On the third floor of the Donald W. Reynolds Center, you can find carved into the wall “C.H.F—1864 Aug 8th” (pictured above). The gallery in which it exists—a part of the Smithsonian American Art Museum—is the only space where the original architecture is preserved, and at the time that the initials were carved, the room housed hundreds of patent models. The Civil War would last another 16 months after their carving and these initials could have belonged to a volunteer, soldier, or patent office worker. The mystery remains: who was C.H.F.?
Just blocks away from the Donald W. Reynolds Center, President Abraham Lincoln was assassinated at Ford’s Theatre on April 14, 1865. The one-of-a-kind cracked plate portrait of Lincoln by Alexander Gardner—created on February 5, 1865, two months before Lincoln’s death—is the last formal portrait taken of him. T
the crack running across his head is often thought to have hauntingly predicted Lincoln’s assassination. Lincoln’s ghost is rumored to wander the White House as recounted by the likes of first ladies Grace Coolidge and Eleanor Roosevelt.

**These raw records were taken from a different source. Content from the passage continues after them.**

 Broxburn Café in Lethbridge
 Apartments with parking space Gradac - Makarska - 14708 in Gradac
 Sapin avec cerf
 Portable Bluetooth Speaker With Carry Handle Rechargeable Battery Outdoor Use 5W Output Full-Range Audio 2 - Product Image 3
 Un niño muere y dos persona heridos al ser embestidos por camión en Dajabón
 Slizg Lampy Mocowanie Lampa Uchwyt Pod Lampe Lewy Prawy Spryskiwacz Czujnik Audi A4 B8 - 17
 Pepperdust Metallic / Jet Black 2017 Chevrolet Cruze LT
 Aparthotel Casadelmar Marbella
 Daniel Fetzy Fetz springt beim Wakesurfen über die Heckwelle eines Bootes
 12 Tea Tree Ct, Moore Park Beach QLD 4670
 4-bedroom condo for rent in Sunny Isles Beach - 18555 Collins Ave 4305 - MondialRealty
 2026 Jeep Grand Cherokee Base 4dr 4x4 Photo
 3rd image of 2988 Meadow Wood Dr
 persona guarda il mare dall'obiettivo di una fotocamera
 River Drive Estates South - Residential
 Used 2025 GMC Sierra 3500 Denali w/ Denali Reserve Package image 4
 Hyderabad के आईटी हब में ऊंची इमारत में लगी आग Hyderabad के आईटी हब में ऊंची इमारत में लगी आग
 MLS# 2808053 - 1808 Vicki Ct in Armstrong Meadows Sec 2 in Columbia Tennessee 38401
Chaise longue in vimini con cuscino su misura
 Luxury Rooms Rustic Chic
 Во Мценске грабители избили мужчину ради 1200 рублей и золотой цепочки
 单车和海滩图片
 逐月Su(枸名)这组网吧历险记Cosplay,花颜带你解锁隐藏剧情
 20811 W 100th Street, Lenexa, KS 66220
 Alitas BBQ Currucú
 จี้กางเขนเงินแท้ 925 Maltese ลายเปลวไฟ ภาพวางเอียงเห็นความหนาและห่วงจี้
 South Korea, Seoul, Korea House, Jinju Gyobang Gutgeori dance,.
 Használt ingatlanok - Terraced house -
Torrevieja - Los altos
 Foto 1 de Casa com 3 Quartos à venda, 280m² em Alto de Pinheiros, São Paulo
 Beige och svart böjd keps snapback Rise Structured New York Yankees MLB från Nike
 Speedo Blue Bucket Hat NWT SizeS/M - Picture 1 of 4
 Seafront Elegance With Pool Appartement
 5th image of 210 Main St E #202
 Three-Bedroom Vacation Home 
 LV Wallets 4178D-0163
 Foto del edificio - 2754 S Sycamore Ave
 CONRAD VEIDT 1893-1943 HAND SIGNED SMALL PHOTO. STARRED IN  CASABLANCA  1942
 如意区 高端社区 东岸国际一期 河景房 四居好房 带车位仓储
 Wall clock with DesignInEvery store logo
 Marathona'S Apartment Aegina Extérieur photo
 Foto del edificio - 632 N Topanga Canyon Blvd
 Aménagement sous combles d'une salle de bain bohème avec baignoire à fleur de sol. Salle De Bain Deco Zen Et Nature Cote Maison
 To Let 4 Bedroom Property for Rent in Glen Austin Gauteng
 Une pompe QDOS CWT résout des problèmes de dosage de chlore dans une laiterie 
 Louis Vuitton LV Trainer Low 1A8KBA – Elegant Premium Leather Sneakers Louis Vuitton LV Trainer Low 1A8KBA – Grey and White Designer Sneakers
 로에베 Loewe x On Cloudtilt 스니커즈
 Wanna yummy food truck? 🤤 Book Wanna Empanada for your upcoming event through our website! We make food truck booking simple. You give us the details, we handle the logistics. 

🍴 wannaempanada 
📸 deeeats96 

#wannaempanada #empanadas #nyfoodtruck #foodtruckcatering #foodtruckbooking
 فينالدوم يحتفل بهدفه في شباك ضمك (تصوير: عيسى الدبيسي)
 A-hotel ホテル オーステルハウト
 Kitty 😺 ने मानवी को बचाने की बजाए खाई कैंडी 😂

Around the corner on H Street, at a location now commonly referred to as Wok and Roll, stands the house of Mary Surratt, a conspirator in Lincoln’s assassination. It was there that she and her son, John Surratt, hosted acquaintances, including John Wilkes Booth, who together plotted to kidnap Lincoln. After a failed attempt at kidnapping, the group set out to kill the president. Mary Surratt and three others were hanged at the Old Penitentiary at Fort McNair on July 7, 1865. She was the first woman executed by the U.S. federal government, and it is said that she still haunts her old home on H Street, while there have also been sightings of a woman in black—presumed to be Surratt—at Fort McNair.